The question after the recent terrorist attacks is met with gnashing of teeth and admonishments but will anything change? It begins at the top, and in the past century, we have been blessed with great leaders such as Churchill, FDR, Reagan, and Thatcher who could issue the clear clarion call defense of Western Civilization.

There is one problem today, we have no Churchill, no Thatcher, and no Reagan or for that matter, no George W. Bush whose foreign policy has often been blamed, but at least he understood the basic threat. Today, leadership is missing in action. It starts at the top, but as I made the case over the past couple of years, Obama's foreign policy is a disaster and the Middle East is the number one exhibit of that failure. From the beginning, Obama made it clear that he was not Bush and wanted to reverse Bush’s policies and retreat from the Middle East, and world responsibility while building a new America at home. Now after seven years, we know the results. ISIS has become a power broker in the Middle East and has proven to be Al-Qaeda on steroids, and Obama's negotiations have essentially guaranteed Iran will be a nuclear power. He is allowing Iran to establish their own hegemony including Syria, Lebanon, Hamas in the Gaza strip and much of Iraq not controlled by ISIS or the Kurds, the last remnants of a dependable pro United States force left in Iraq. Even our Allies like Egypt are now talking with the Russians, long given up on the idea that an Obama led United States will protect them.
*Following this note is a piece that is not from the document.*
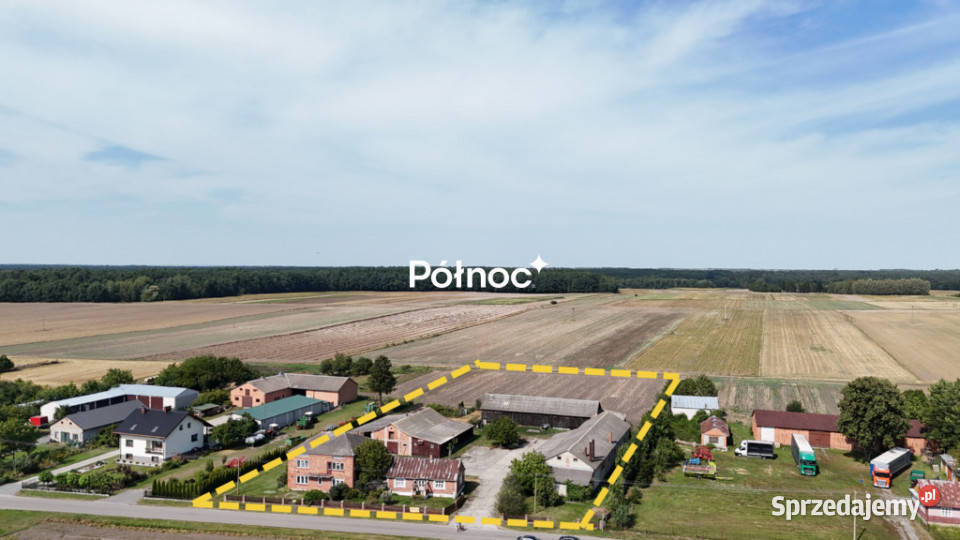 Budynki gospodarcze i dom w Mołożowie asfalt Mołożów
The fecklessness of the Obama/Clinton/Kerry foreign policy can be seen in the proclamation that our greatest problem is climate change, but then only a leftist can decide they can change climate as if they are gods. While the dead are being buried at the end of this month, our leaders will meet in Paris to deal with climate change and this attack will be pushed to the back page.
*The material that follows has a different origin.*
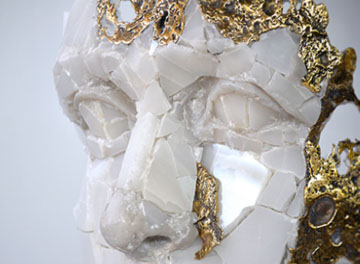 La scultura riflessi realizzata dallo scultore  Giuseppe D'Angelo un viso frammentato in alabastro e ottone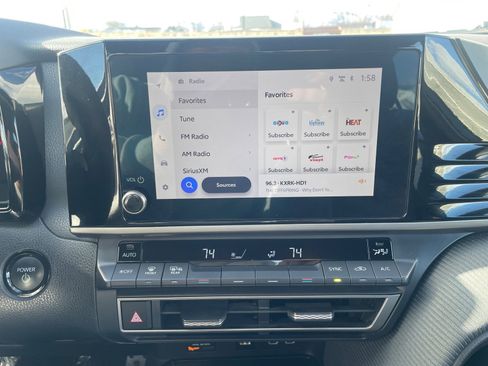 Used 2025 Toyota Camry SE image 23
I am not going to excuse Republicans since they also have a responsibility to promote alternatives and so far, this debate has been muddled. The Rand Paul wing of the Party has had an impact, even if Paul has not been a significant factor in the polls. His point that much of the failure has its roots in Bush’s invasion of Iraq has been picked up by Trump and Carson. As I have explained in the past, the real failure has been Obama's refusal to leave troops in Iraq as his own military chiefs recommended. This would have meant that the United States would have left 20,000 troops in place but how much different the Middle East would have been if those troops would have been there? Does anyone believe that ISIS would have penetrated Iraq or that the Iraqi government would have turned to Iran? What if Obama had been more supportive of the Iranians who took to the street over fixed elections in 2009 instead of siding with the government. Could the history of the present regime been changed? When Republicans accept the “Bush is to blame" argument, it makes it more difficult for those Republicans to criticize Hillary Clinton's conduct of foreign policy in the general election.

It will be imperative for Republicans not just to criticize Obama/Clinton’s foreign policy but design an alternative vision for an American foreign policy in the twenty first century beginning with identifying American national interests and how to defend it. It is not enough to say more defense spending but define what American military should look like in the twenty first century. So far, we have yet to see this from any of the candidates. The Paris attacks have simply reminded us that war on terror is still with us and that the same forces that killed 3000 Americans fourteen years ago are still with us.